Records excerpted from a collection
══════════════════════════════

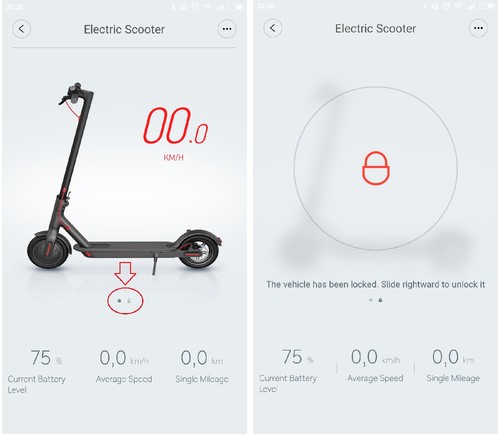 Рекуперация на самокате. Электросамокат mi Home. Самокат приложение Интерфейс. Mi Home для самоката. Подключить самокат к телефону.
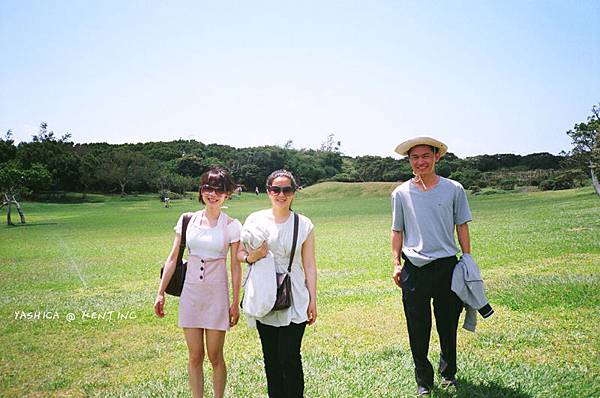 Yashica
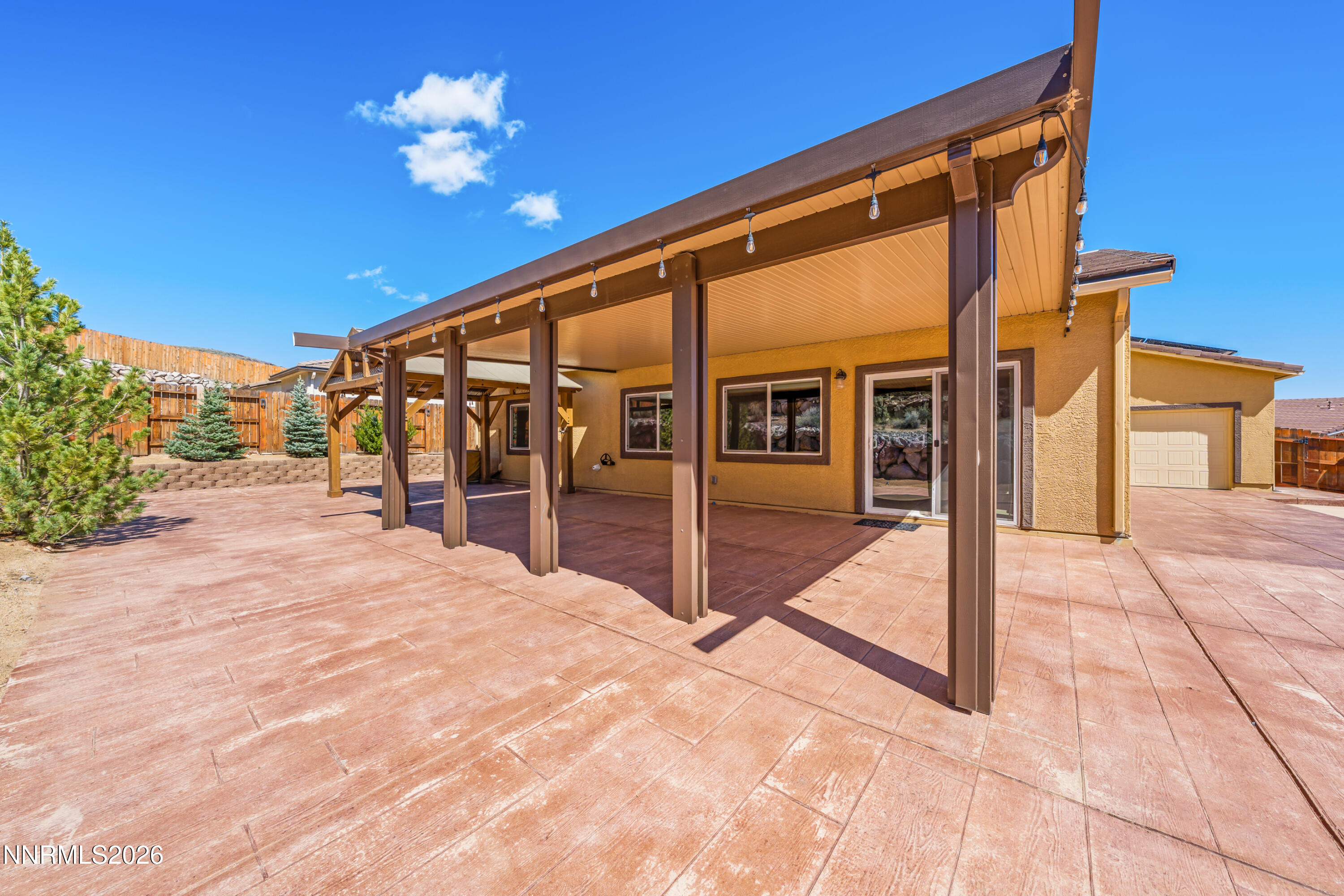 17965 Cedar Mountain Court Reno, NV 89508 - Photo 43 of 58 A7V03467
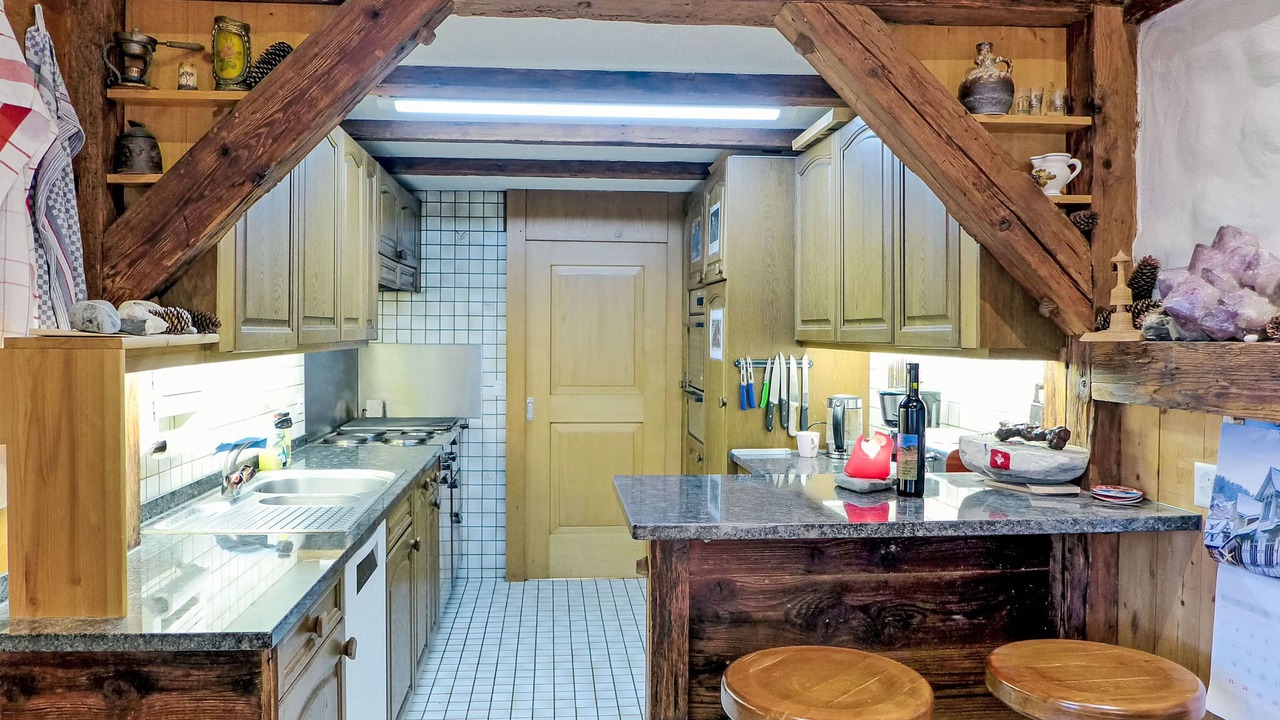 Photo of Bedroom in Gossliwil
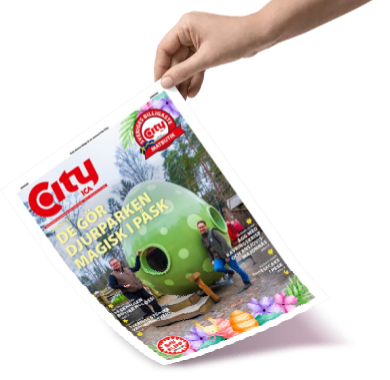 Veckans reklamblad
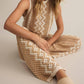 Z Supply - Loma Crochet Pant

══════════════════════════════

Every line above should be reproduced exactly, please, with no pictures included.

## Written response:
 Рекуперация на самокате. Электросамокат mi Home. Самокат приложение Интерфейс. Mi Home для самоката. Подключить самокат к телефону.
 Yashica
 17965 Cedar Mountain Court Reno, NV 89508 - Photo 43 of 58 A7V03467
 Photo of Bedroom in Gossliwil
 Veckans reklamblad
 Z Supply - Loma Crochet Pant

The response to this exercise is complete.